Probably the most exciting and eye-popping floor is the third, where the exhibition “Tools: Extending Our Reach” features items that have had life-changing effects, from ancient times to today. This floor is composed of objects from the CH and from other Smithsonian museums. Walking through the curtain of regular every-day tools is thrilling and chilling at the same time. Just past this is a live large video feed of the sun streamed directly from NASA by an orbiting satellite, awesome in its majesty and violence. Other items like a Braille typewriter, a sketchbot that creates your image in sand, and an artificial heart are some of the highlights of the show.
The CH is a place that you can visit again and again and still not see everything there is. It’s a place you can bring your family to, your friends, even your date. The CH is a place that now, after its major renovation and digital upgrade, will make the top-ten list of any visitor to New York. And don’t forget, there’s a café, shop, and gardens that complete the museum, making the CH a perfect place to spend a day.

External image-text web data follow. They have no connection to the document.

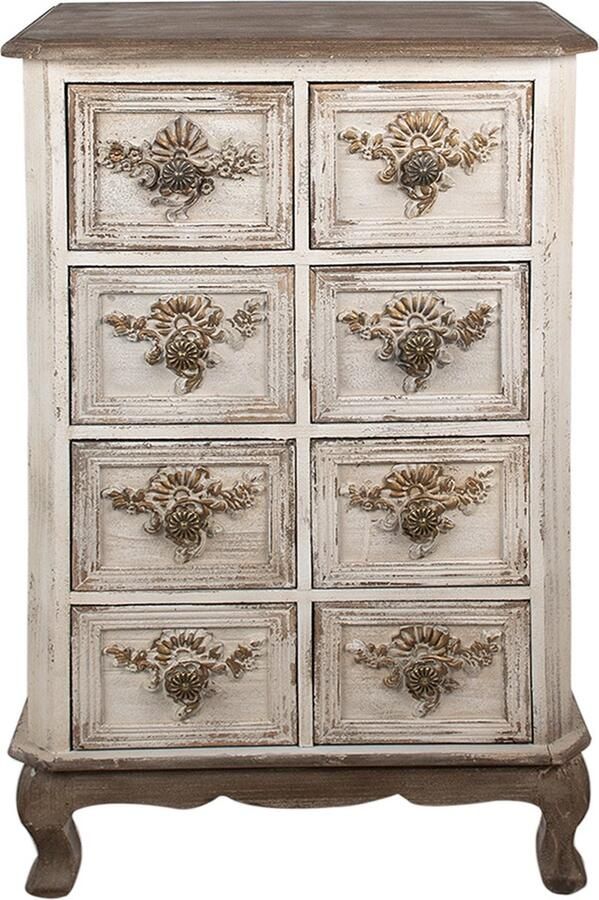 Clayre & Eef Dressoir 60x37x100 cm Beige Hout Ladekast Beige Ladekast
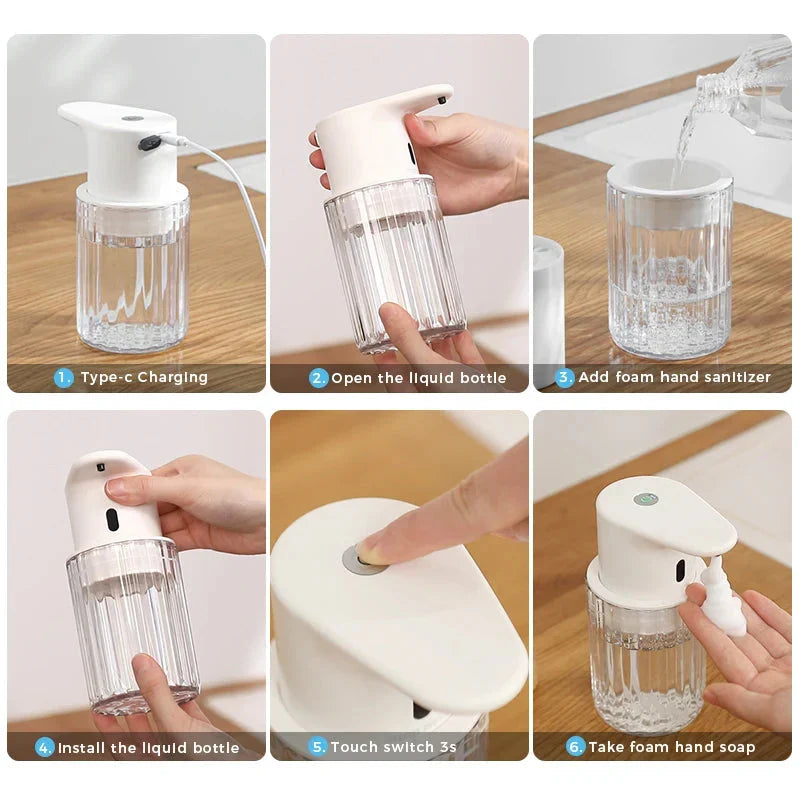 Automatic Soap Dispenser - Sensor-Operated Hygienic Dispensing, Rechargeable and Refillable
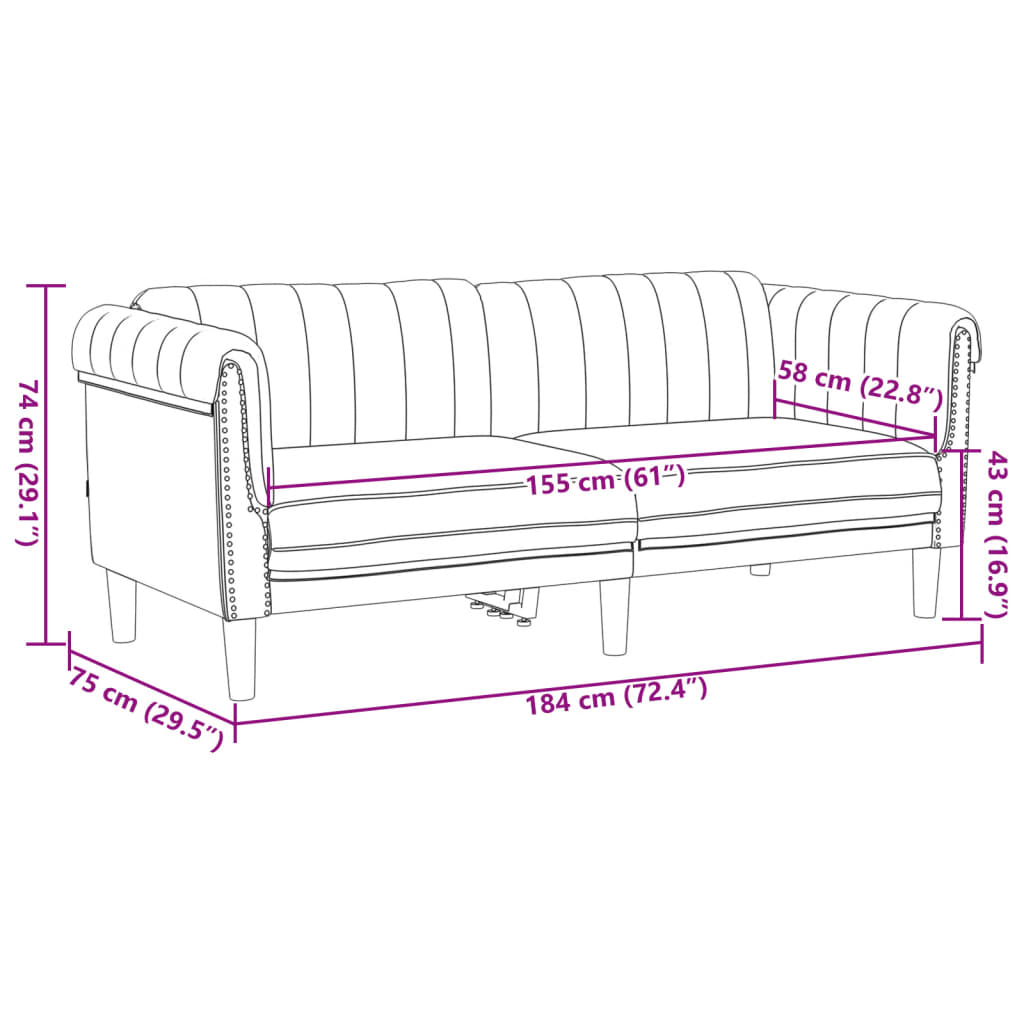 2-personers sofa imiteret ruskind brun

When you visit the CH, make sure to stop by the Process Lab and let us know your favorite exhibitions. What objects will you take home? How do you see the design of the mansion complementing the design of the exhibition space and the collection? This museum is filled with possibilities and opportunities to learn, to discover, in an attractive and exciting way. In many ways, it’s exactly what museums today need to be doing in order to better engage with their visitors – and keep them actively interested in the collection long after they leave. Located at 2 East 91 Street, general admission costs $18, but buy online for a $2 discount or visit on Saturday nights for pay-what-you-wish admission.